6 thoughts on “Gail Webster Series, 1-5”

  1. Very interesting series, and very thought-provoking. Well done, Marney! Wishing Gail Webster’s daughters the peace that comes with answered questions.

  2. Found this on WDIV from 2020. They were 20-25 years old, and the car was a blue or green 1968-1970 Pontiac Tempest or Chevrolet. It was beat up and rusted, according to authorities. The suspects in the Gail Webster case. The car sounds familiar?

  3. Not to change the subject, but this case has some similarities to a 2010 Grosse Pointe death that was ruled a suicide. Like someone used the Webster case as a playbook. Coincidentally, it is tied to a person in the OCCK investigation.

    1) Daughters searching for the true story. Know it was not a suicide.

    2) Keys mysteriously disappeared from victim six weeks before her disappearance, then mysteriously appeared on the victim.

    3) A law enforcement official is the prime suspect.
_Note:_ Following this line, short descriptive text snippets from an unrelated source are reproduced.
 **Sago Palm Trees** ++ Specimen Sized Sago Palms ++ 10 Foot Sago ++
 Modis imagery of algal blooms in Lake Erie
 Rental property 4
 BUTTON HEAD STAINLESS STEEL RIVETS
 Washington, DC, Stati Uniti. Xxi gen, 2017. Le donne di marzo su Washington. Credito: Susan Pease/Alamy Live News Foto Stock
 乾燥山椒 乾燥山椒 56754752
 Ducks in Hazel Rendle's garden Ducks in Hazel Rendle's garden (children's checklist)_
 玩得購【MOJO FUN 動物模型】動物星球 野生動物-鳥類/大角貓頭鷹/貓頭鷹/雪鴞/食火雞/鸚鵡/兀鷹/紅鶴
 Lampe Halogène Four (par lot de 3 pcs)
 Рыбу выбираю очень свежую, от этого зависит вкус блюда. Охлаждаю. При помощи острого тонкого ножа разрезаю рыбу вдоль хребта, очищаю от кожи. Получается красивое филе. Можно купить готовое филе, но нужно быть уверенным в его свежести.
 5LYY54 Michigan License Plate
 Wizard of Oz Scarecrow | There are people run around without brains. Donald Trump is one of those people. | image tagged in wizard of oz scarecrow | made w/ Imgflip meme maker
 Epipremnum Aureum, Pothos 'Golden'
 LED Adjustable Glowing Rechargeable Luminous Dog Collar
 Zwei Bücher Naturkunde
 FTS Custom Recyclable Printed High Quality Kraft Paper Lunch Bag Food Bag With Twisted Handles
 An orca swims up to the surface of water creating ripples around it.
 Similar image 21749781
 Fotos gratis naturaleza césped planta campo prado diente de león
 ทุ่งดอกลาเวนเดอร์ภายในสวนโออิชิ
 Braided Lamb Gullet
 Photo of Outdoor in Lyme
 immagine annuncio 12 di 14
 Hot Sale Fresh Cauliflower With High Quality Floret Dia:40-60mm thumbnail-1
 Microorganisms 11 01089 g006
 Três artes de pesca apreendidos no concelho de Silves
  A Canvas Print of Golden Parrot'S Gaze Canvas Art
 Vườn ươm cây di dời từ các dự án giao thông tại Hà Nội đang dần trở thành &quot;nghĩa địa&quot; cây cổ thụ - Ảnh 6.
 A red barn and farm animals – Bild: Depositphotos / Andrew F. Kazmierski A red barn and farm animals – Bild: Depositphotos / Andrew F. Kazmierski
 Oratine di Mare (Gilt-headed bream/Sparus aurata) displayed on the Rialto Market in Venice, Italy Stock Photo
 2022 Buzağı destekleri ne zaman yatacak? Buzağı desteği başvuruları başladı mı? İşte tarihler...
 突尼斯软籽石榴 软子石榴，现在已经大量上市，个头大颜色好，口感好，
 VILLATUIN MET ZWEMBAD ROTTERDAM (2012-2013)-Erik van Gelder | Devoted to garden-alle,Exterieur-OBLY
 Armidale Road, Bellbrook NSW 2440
This person is also an OCCK investigator.

    4) Prime suspect is cleared because he was allegedly working an undercover operation nearby.
    He refused to take a polygraph test.

    5) Theory is the victim heard or saw something regarding the prime suspect that scared her. She had an appointment to meet with the FBI. FBI will not comment.

    6) Victim told daughter that if anything happened to her, look at the prime suspect.

    7) Police botched the initial investigation. Then they made a critical mistake. They showed up at the victim’s house an hour after she was expected home to report to the daughter that the victim was missing, and her car was left stranded at the church. Problem is, it was not the victim’s car. It was the daughter’s car. How did police know it was the mother who was missing? Police later dispute that they ever sent an officer to the house.

    8) Police would not listen to a witness who saw and identified the suspect with the victim at the time. Or a witness who saw her running down the road. First witness ends up dying unexpectedly.

    9) Police dispose of critical evidence.

    10) Police ignore official autopsy reports. Claim suicide by drowning with no water in the lungs.

    Best to watch the videos of the report.


  4. Cathy,

    Susie-Q waitress and Harmony House employee Kari Mahrle was NOT the tipster to the OCCK taskforce about RVH. After all, as part three of this series points out, that particular tip was called in at a time when Gail Webster was still very much alive.

    The article does not state specifically that Mahrle was the OCCK taskforce tipster. No, her quotes only state she called a newspaper (and just the newspaper, not the taskforce) after she learned of Webster’s murder.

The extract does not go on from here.